What you should do: In the entries that follow, the lines from the line containing "2022 Lexus NX 350 Luxury" up to and including the line containing "Amblyrhynchus cristatus" must be copied exactly, with pictures omitted.

Supplied data:
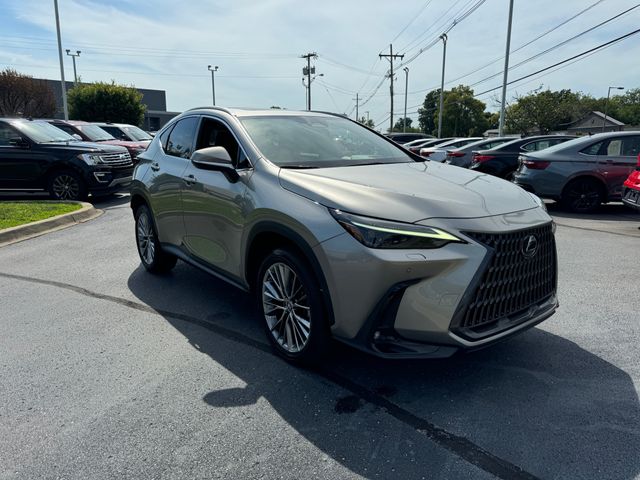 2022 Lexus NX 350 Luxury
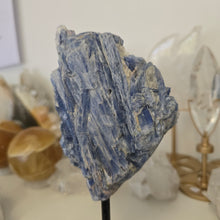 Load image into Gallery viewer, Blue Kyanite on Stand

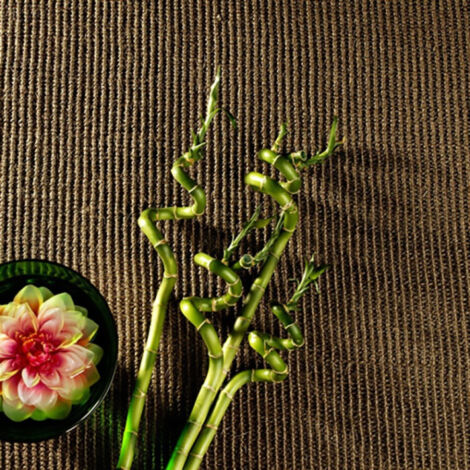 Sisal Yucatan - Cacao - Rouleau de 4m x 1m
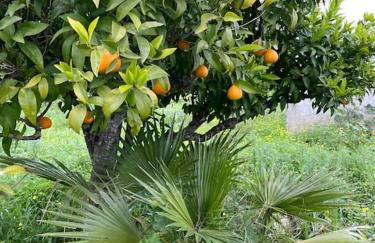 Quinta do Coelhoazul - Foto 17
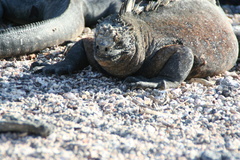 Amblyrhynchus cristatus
...
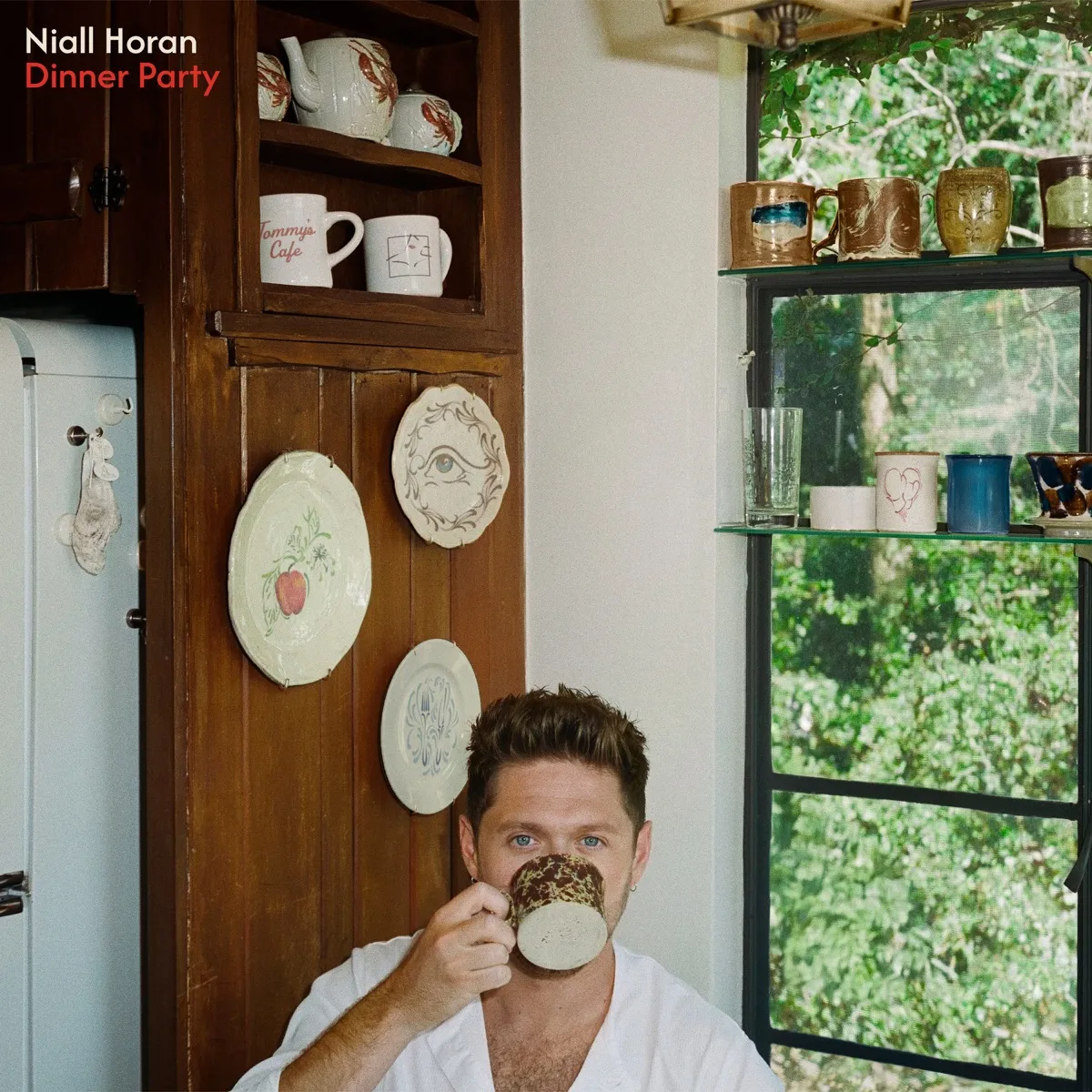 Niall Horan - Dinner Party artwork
==
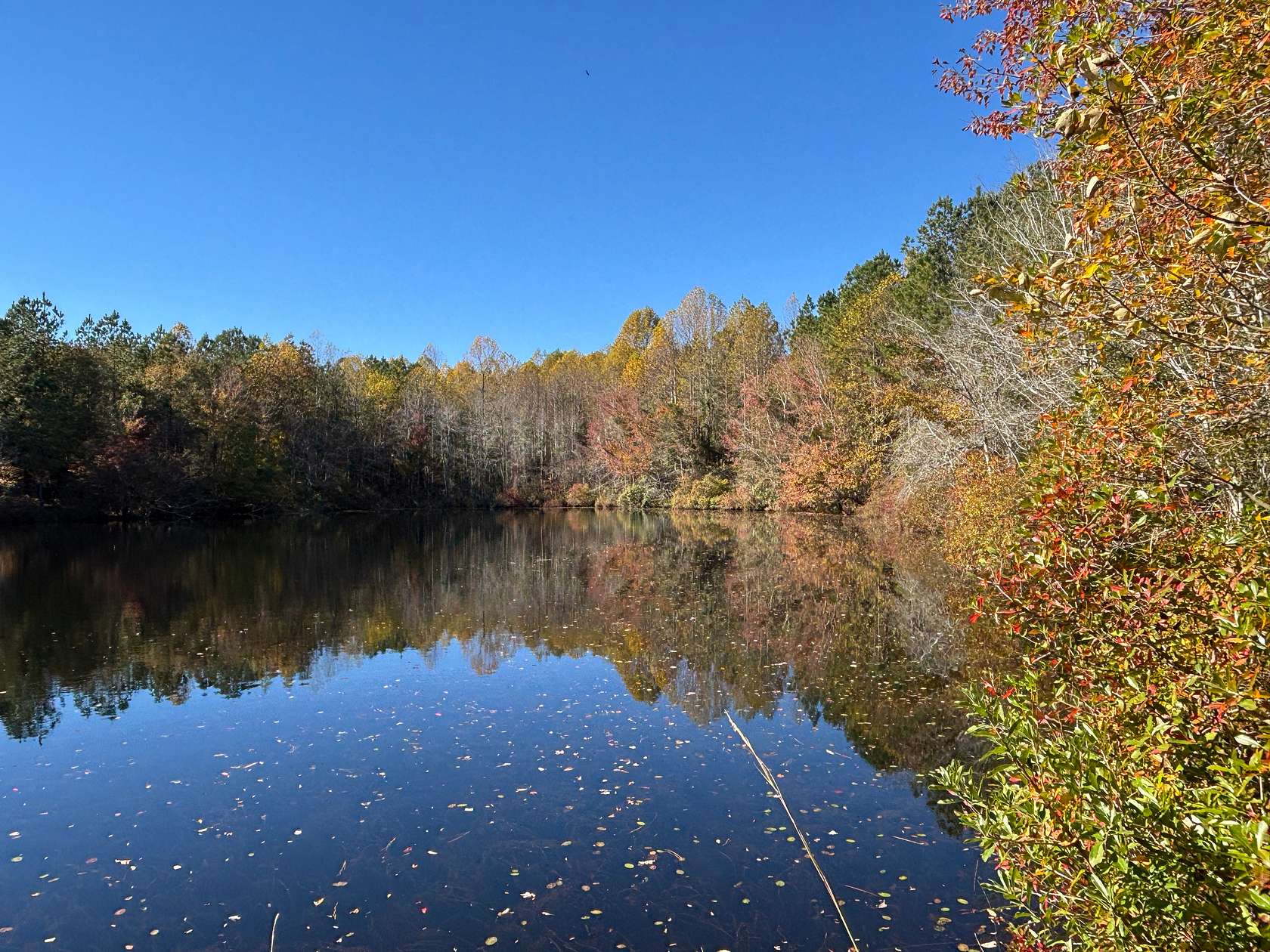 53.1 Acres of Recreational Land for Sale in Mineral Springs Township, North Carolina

Task result:
 2022 Lexus NX 350 Luxury
 Load image into Gallery viewer, Blue Kyanite on Stand

 Sisal Yucatan - Cacao - Rouleau de 4m x 1m
 Quinta do Coelhoazul - Foto 17
 Amblyrhynchus cristatus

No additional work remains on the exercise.